- PROBLEM -
Return exactly the lines of the records below, starting at the line that contains "Origami Blue Ceramic Table Lamp" and ending at the line that contains "6oz PET Plastic", with both of those lines kept.

(Collected data)
....................

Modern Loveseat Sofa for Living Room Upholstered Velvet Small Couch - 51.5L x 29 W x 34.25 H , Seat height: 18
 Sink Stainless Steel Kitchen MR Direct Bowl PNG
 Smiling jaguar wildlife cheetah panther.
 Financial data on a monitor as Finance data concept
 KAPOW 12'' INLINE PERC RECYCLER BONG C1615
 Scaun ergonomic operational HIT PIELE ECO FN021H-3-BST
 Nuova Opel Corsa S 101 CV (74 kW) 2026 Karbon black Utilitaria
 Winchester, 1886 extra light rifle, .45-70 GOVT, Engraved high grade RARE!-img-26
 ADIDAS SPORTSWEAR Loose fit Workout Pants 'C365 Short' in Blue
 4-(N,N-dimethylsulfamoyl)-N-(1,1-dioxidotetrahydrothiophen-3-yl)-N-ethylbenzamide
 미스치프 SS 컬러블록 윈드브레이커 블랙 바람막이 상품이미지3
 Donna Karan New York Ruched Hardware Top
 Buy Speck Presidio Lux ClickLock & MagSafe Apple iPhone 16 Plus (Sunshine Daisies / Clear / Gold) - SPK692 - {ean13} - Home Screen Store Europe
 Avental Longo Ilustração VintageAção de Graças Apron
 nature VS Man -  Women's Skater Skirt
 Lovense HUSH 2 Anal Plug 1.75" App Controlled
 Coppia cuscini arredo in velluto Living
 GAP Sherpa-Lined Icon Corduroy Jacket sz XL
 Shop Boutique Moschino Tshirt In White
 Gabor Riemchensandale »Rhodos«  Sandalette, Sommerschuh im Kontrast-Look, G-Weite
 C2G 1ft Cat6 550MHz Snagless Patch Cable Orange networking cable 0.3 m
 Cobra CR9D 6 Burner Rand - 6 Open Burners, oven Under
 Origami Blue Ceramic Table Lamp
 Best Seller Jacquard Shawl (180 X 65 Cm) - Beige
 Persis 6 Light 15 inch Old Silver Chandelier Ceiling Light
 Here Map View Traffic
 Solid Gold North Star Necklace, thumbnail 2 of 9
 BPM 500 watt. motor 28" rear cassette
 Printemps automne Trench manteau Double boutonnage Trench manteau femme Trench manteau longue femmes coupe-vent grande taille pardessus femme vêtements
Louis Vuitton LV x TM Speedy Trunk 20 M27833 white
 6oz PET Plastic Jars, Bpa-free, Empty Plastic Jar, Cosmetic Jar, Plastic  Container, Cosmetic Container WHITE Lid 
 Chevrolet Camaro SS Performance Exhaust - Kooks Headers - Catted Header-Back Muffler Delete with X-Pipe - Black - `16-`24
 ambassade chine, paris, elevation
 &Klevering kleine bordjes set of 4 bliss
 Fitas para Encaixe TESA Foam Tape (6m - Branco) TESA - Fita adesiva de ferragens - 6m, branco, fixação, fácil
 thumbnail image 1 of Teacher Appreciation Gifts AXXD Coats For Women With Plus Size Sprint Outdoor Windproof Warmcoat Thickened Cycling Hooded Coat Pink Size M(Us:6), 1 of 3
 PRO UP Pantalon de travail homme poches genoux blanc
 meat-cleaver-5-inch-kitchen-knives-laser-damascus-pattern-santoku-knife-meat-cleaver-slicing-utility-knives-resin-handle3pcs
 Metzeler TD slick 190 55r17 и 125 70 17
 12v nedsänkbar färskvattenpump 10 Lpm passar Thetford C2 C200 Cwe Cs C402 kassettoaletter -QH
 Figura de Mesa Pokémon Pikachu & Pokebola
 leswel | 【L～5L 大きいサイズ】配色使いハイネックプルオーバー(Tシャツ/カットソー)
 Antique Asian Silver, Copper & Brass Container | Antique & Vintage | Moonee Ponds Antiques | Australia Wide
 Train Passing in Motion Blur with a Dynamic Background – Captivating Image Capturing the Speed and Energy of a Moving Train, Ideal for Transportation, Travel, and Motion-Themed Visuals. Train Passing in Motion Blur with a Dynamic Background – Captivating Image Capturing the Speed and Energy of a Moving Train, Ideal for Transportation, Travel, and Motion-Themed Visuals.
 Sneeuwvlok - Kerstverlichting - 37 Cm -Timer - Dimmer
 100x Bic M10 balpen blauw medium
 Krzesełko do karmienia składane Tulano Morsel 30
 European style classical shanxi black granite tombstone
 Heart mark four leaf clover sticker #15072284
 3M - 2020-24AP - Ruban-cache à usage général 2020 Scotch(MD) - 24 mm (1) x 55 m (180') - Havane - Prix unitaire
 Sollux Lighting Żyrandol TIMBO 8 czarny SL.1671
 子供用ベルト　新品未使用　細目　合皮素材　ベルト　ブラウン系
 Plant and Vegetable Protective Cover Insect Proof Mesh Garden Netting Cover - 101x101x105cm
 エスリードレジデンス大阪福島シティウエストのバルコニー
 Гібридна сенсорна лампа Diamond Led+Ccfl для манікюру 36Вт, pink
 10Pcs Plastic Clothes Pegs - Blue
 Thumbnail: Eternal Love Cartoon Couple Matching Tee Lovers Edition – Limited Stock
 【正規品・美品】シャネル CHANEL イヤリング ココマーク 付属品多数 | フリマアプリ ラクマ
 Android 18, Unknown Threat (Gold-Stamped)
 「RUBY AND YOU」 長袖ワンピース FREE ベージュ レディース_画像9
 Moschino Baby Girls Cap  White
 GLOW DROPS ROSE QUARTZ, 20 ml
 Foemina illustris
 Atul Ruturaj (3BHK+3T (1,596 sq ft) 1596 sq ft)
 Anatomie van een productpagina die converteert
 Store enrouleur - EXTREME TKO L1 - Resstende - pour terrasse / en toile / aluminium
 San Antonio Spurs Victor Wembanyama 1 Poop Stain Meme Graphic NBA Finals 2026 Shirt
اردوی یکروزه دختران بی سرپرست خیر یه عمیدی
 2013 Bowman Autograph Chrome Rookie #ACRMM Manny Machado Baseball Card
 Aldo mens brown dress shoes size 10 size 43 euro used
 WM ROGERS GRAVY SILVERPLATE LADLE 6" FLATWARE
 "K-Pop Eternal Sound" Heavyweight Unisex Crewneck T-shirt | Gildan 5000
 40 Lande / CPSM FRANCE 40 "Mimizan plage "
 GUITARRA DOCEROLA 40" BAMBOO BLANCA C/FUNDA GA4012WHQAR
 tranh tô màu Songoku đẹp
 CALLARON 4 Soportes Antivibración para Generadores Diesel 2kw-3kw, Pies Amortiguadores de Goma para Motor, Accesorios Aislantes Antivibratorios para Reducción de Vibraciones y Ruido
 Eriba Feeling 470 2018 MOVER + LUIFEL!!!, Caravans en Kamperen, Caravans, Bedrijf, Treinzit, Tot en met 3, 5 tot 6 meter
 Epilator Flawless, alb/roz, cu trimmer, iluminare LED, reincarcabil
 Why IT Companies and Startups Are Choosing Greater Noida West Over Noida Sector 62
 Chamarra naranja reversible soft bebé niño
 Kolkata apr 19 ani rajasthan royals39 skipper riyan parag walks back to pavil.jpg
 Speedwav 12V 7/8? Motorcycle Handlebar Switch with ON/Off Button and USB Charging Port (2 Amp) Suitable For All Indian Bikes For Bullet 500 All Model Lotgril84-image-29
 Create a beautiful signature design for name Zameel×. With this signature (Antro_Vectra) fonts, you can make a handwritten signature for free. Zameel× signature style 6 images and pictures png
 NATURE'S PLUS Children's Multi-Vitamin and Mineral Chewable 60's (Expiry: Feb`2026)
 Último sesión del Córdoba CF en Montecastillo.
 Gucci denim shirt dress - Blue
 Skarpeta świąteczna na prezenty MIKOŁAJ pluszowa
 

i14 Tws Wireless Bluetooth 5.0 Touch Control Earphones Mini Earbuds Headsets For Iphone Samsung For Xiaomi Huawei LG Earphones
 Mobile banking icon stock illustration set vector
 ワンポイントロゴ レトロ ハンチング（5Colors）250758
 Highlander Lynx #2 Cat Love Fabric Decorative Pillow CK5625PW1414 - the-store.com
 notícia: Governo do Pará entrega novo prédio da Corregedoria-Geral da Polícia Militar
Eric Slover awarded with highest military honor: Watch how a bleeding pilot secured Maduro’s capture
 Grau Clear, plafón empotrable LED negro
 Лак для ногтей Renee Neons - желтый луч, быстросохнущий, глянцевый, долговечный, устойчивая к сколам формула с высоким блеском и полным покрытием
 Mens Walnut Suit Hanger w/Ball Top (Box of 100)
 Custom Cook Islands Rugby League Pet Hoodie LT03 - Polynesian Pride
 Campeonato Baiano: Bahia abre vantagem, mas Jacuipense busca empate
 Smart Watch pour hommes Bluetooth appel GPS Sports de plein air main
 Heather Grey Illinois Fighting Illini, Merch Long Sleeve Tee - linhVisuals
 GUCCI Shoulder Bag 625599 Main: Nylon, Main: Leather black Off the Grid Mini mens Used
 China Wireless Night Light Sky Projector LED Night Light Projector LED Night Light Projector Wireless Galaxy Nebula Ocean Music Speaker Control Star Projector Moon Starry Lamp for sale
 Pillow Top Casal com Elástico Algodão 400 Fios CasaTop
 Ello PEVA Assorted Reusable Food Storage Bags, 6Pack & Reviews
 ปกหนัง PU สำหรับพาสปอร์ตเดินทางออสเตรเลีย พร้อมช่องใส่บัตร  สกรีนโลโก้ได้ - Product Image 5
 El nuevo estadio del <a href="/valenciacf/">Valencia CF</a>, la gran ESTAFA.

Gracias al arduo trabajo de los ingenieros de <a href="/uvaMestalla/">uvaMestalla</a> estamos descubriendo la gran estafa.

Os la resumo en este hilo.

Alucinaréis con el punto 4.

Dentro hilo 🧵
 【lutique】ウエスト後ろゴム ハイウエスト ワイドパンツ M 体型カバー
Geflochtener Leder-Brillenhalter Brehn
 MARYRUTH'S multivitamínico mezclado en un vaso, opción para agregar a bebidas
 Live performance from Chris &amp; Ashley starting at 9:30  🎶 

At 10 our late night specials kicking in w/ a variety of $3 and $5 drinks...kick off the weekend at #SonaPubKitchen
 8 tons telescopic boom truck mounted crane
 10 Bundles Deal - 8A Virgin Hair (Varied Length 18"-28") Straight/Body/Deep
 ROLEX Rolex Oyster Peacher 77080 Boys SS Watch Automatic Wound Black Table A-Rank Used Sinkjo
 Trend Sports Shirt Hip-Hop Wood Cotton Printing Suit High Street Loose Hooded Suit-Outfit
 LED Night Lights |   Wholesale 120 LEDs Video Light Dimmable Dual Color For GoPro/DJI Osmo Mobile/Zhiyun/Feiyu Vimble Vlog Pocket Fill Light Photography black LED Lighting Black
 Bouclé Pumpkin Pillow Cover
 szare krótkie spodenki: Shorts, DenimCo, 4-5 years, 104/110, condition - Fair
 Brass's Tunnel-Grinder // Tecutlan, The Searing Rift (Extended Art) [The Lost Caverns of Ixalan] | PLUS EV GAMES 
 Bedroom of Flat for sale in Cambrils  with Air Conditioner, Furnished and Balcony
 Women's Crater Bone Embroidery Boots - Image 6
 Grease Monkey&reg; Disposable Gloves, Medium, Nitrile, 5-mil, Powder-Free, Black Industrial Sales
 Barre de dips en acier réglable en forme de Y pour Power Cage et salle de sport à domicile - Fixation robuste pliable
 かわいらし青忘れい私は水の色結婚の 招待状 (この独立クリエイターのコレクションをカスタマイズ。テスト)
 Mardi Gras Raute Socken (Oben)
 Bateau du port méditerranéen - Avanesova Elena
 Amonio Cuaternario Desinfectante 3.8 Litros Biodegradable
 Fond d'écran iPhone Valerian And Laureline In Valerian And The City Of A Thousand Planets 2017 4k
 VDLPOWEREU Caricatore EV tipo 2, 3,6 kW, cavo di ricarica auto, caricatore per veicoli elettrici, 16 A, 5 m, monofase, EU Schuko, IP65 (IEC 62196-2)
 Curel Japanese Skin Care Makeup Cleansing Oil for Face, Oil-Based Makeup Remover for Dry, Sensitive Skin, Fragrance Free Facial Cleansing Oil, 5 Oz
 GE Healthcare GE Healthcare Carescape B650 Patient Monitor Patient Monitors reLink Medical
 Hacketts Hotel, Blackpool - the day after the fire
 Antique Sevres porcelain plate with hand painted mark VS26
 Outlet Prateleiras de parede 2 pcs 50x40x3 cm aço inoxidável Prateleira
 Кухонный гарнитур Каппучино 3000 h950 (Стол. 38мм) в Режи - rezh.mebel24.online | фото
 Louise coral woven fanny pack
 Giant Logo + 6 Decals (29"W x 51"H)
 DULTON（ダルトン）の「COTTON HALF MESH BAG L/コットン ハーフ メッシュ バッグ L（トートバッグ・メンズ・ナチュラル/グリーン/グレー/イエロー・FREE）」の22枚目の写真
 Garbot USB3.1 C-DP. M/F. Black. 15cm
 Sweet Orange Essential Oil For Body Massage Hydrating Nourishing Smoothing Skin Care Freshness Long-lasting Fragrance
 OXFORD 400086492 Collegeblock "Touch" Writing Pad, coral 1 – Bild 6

....................

- ANSWER SPACE -
 Origami Blue Ceramic Table Lamp
 Best Seller Jacquard Shawl (180 X 65 Cm) - Beige
 Persis 6 Light 15 inch Old Silver Chandelier Ceiling Light
 Here Map View Traffic
 Solid Gold North Star Necklace, thumbnail 2 of 9
 BPM 500 watt. motor 28" rear cassette
 Printemps automne Trench manteau Double boutonnage Trench manteau femme Trench manteau longue femmes coupe-vent grande taille pardessus femme vêtements
Louis Vuitton LV x TM Speedy Trunk 20 M27833 white
 6oz PET Plastic Jars, Bpa-free, Empty Plastic Jar, Cosmetic Jar, Plastic  Container, Cosmetic Container WHITE Lid 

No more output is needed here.